From what I understand, RLlib automatically splits episodes into fixed-length sequences (e.g., using max_seq_len
) and adjusts state_in
, actions
, rewards
, etc., accordingly — but it does not split batch["obs"]
, which still contains the full uncut episode.

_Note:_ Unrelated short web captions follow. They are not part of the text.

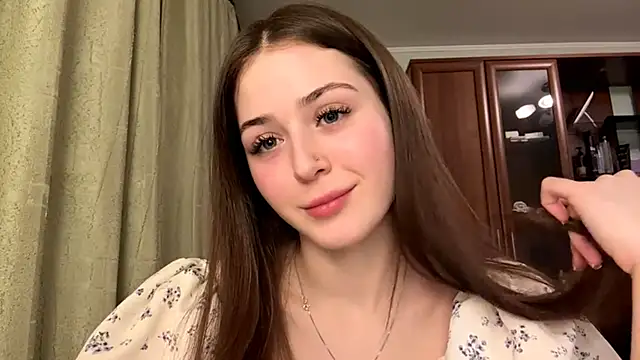 Adel strongwoman online show from 20, 3, 2026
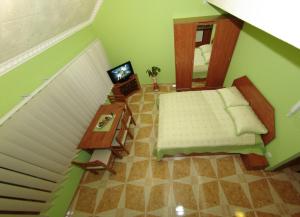 A television and/or entertainment centre at Nefelejcs Apartman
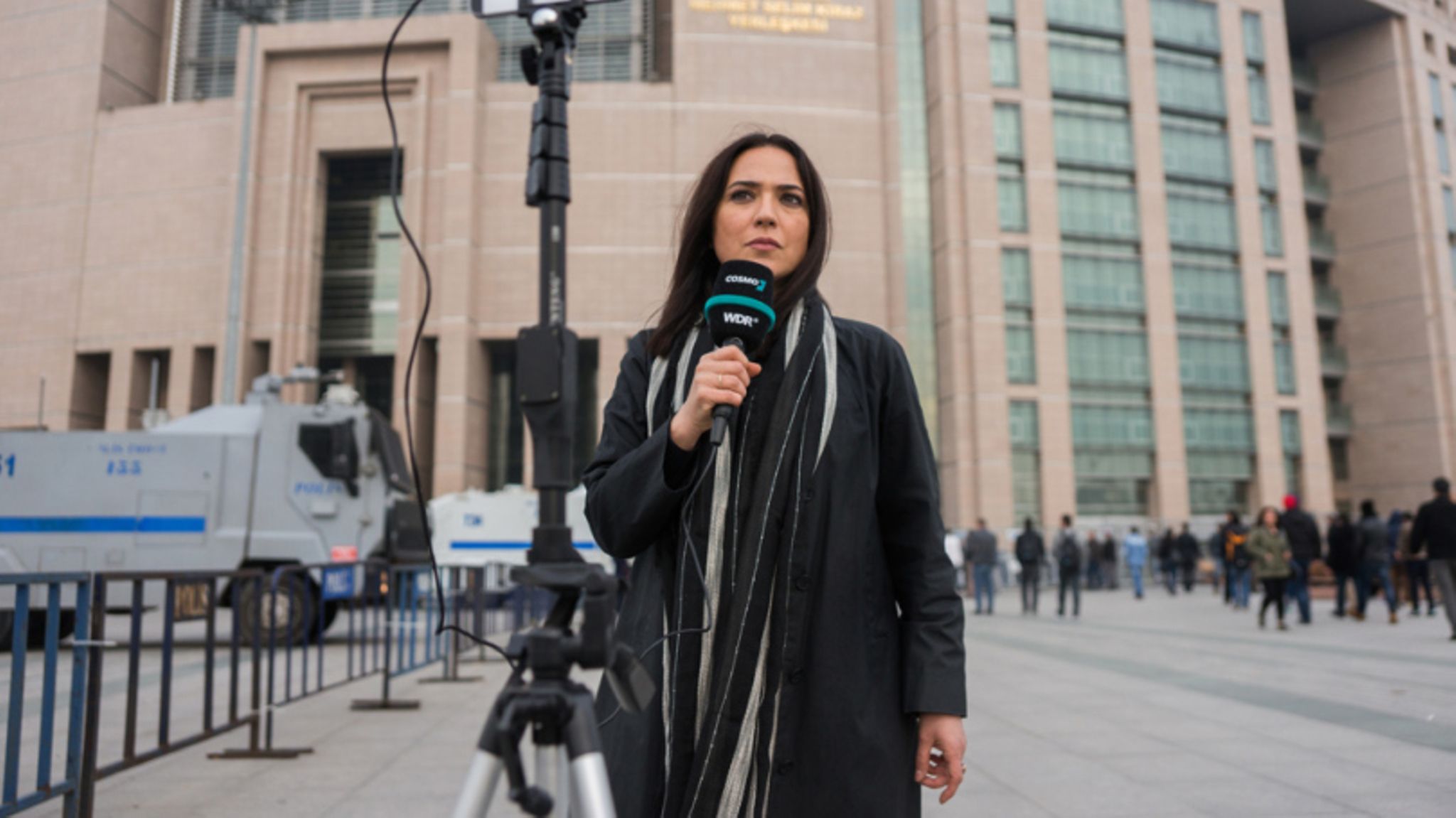 Nannen Preis Sonderpreis für türkische Journalistin Banu Güven STERN.de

This mismatch causes shape errors during training.
Here is my _compute_embeddings_and_state_outs()
function:
def _compute_embeddings_and_state_outs(self, batch):
obs = batch[“obs”][“_orig_obs”][…, :self.state_size]
context = batch[“obs”][“_orig_obs”][…, self.state_size:]
action = batch[“obs”][“prev_n_actions”].squeeze(-2)
reward = batch[“obs”][“prev_n_rewards”].squeeze(-1).unsqueeze(-1)
input = torch.cat([obs, context, action, reward], dim=-1)
h = batch["state_in"]["h"].unsqueeze(0) # [1, B, H]
c = batch["state_in"]["c"].unsqueeze(0) # [1, B, H]
lstm_output, (h, c) = self.lstm(input, (h, c))
embeddings = self.hidden(torch.cat([lstm_output, obs], dim=-1))
return embeddings, {'h': h.squeeze(0), 'c': c.squeeze(0)}
For example, I set:
batch_mode = “complete_episodes”
train_batch_size_per_learner = 120
episode_length = 50
For the features in batch:
Key: obs
This is a nested dict:
_orig_obs: type=<class ‘torch.Tensor’>, shape=torch.Size([3, 69, 13])
prev_n_actions: type=<class ‘torch.Tensor’>, shape=torch.Size([3, 69, 1, 6])
prev_n_rewards: type=<class ‘torch.Tensor’>, shape=torch.Size([3, 69, 1])
Key: state_in
This is a nested dict:
h: type=<class ‘torch.Tensor’>, shape=torch.Size([9, 64])
c: type=<class ‘torch.Tensor’>, shape=torch.Size([9, 64])
and the error will be:
raise RuntimeError(msg.format(expected_hidden_size, list(hx.size())))
RuntimeError: Expected hidden[0] size (1, 3, 64), got [1, 9, 64]
Error: tcpip::Socket::recvAndCheck @ recv: peer shutdown49 ACT 1 BUF 0)
Quitting (on error).
How can I solve this problem?